- [Work instructions] Transcribe these records exactly, dropping every picture.

****************

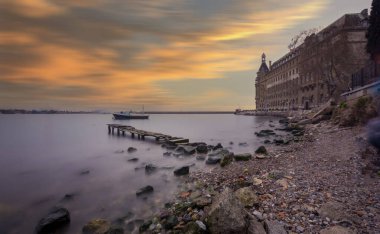İstanbul, Haydarpaşa Kadıköy İstanbul, Türkiye 'den bulutlar ve gökyüzüyle gün batımında ufuk çizgisi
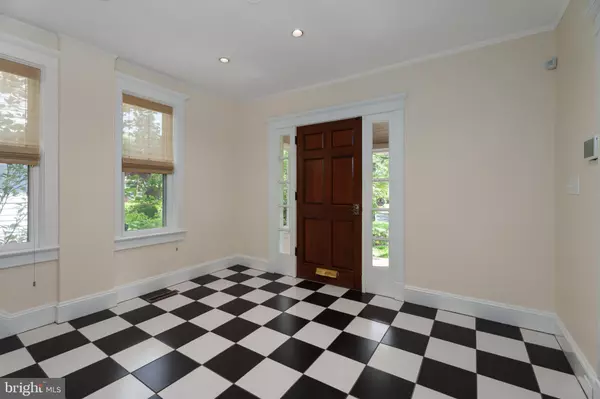Princeton, NJ 08540,102 MOORE ST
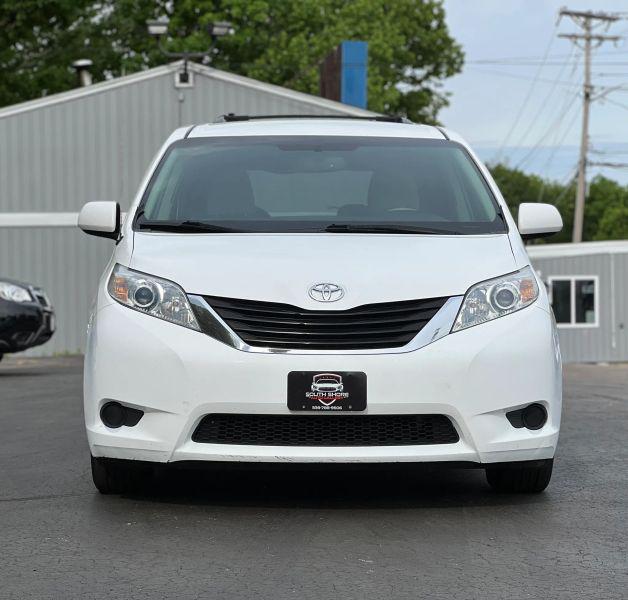 2012 Toyota Sienna LE V6 8 Passenger
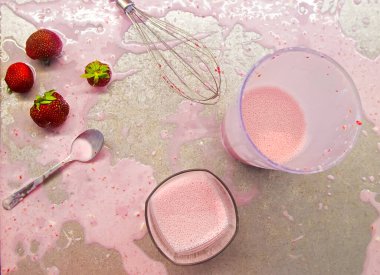 Mutfakta çilekli milkshake yoğurtlu yoğurt yapıyorum. Yüksek açı düz, üst görünüm fotoğrafı.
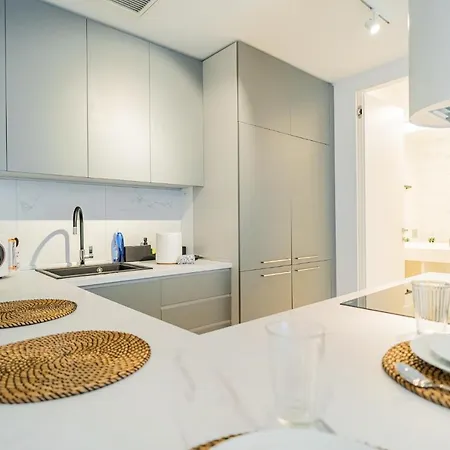 A Window To Extravagance & Unmatched Views *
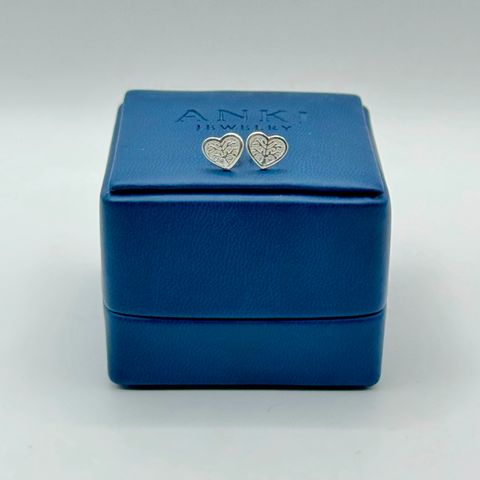 Aretes Raíz Corazón 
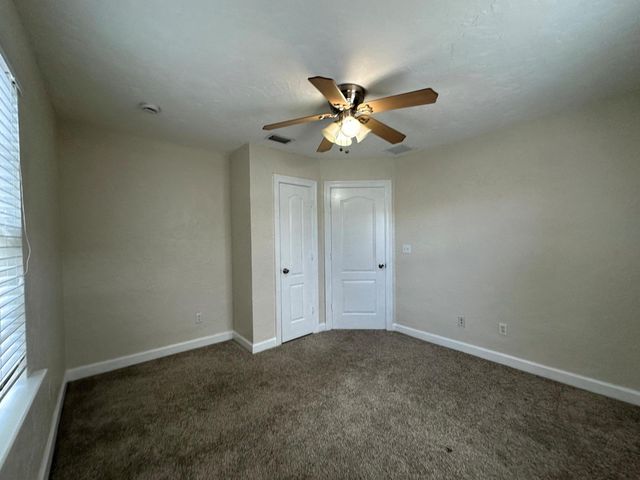 227 FORESTERIA Drive D, Lake Park, FL 33403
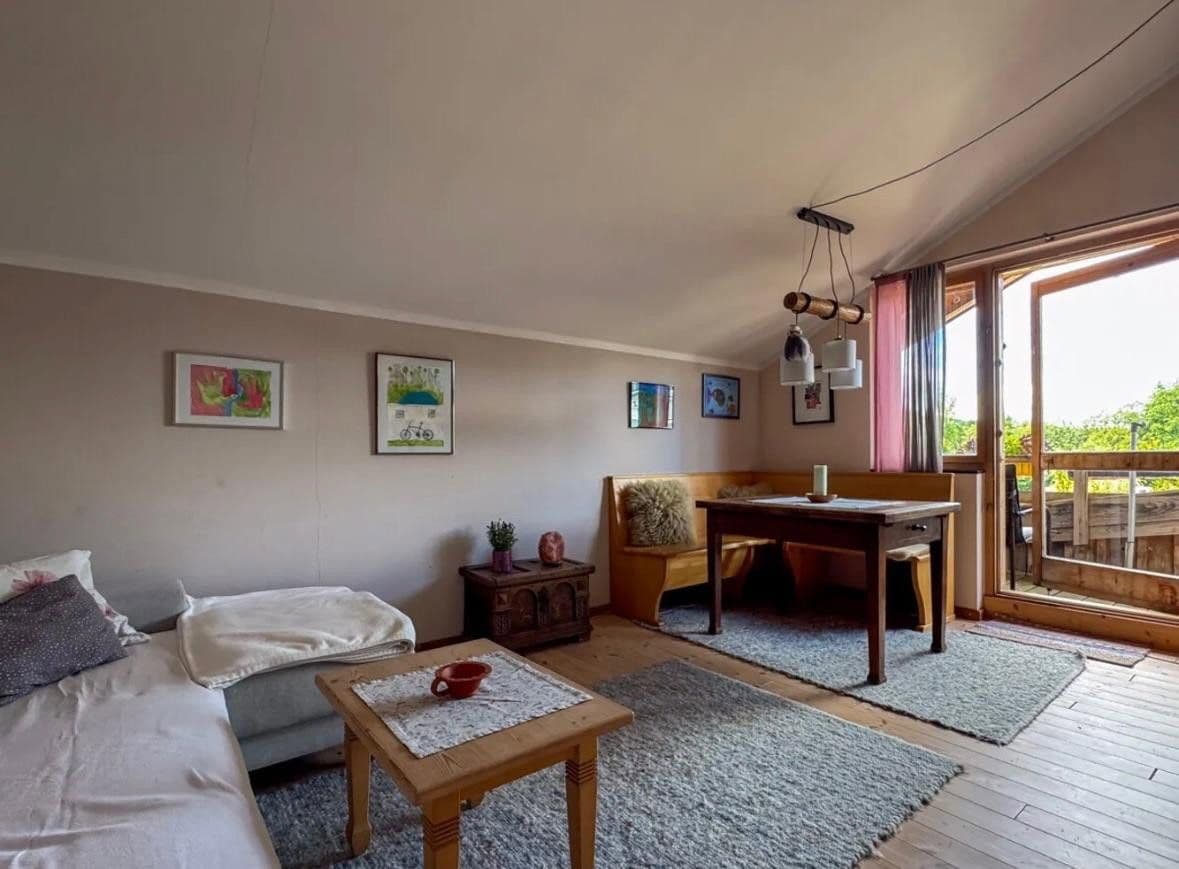 Prodej kanceláře 560 m², Frasdorf, Bavorsko Prodej kanceláře 560 m², Frasdorf, Bavorsko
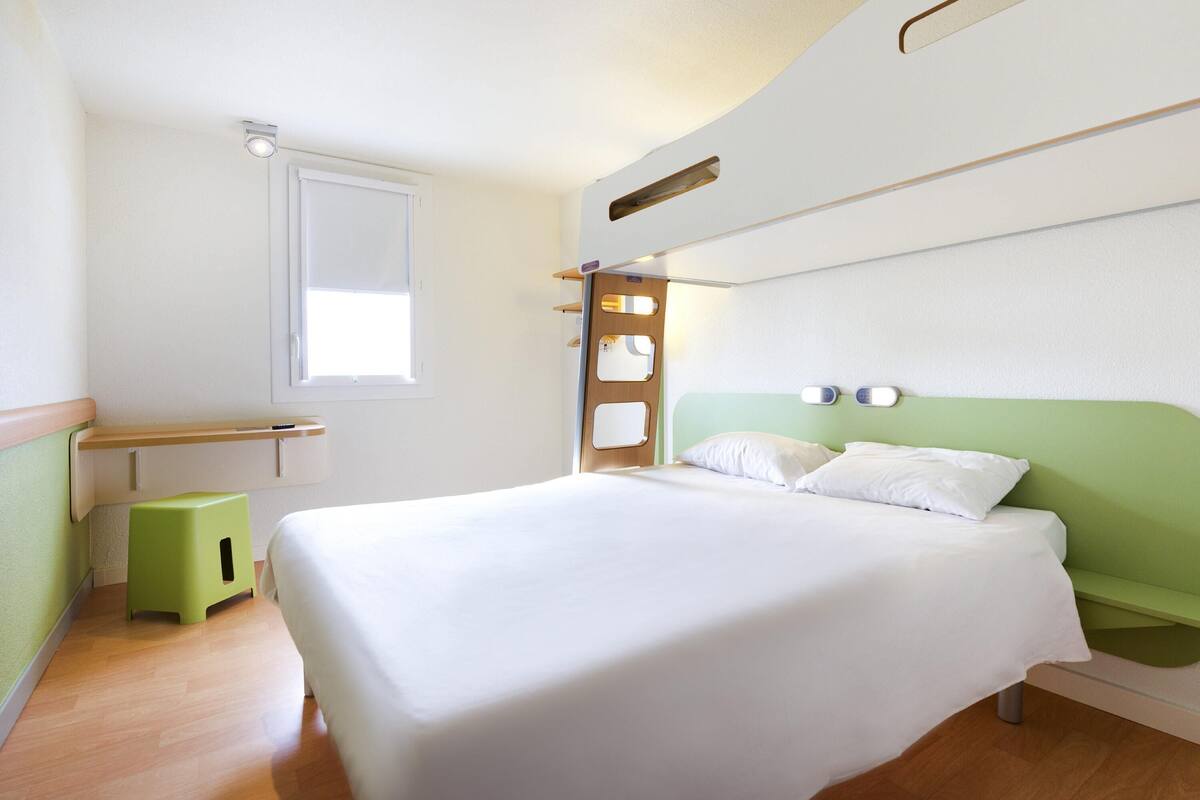 triple room, multiple beds | desk, free wifi, bed sheets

****************

- [Solution for this exercise]
İstanbul, Haydarpaşa Kadıköy İstanbul, Türkiye 'den bulutlar ve gökyüzüyle gün batımında ufuk çizgisi
Princeton, NJ 08540,102 MOORE ST
 2012 Toyota Sienna LE V6 8 Passenger
 Mutfakta çilekli milkshake yoğurtlu yoğurt yapıyorum. Yüksek açı düz, üst görünüm fotoğrafı.
 A Window To Extravagance & Unmatched Views *
 Aretes Raíz Corazón 
 227 FORESTERIA Drive D, Lake Park, FL 33403
 Prodej kanceláře 560 m², Frasdorf, Bavorsko Prodej kanceláře 560 m², Frasdorf, Bavorsko
 triple room, multiple beds | desk, free wifi, bed sheets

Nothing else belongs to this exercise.